* **EXTRACTED DATA**
·····

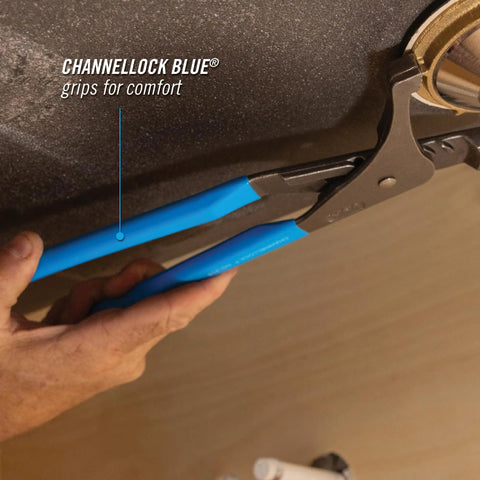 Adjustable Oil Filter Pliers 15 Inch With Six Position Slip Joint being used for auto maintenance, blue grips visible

·····

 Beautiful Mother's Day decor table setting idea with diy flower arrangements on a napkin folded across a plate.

·····

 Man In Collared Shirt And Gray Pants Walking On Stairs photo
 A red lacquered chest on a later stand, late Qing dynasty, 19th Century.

·····

* **PROBLEM**
Your reply is to repeat, unchanged, the lines above running from the one with "Man In Collared" up to and including the one with "A red lacquered".

* **REPLY TO THE EXERCISE**
 Man In Collared Shirt And Gray Pants Walking On Stairs photo
 A red lacquered chest on a later stand, late Qing dynasty, 19th Century.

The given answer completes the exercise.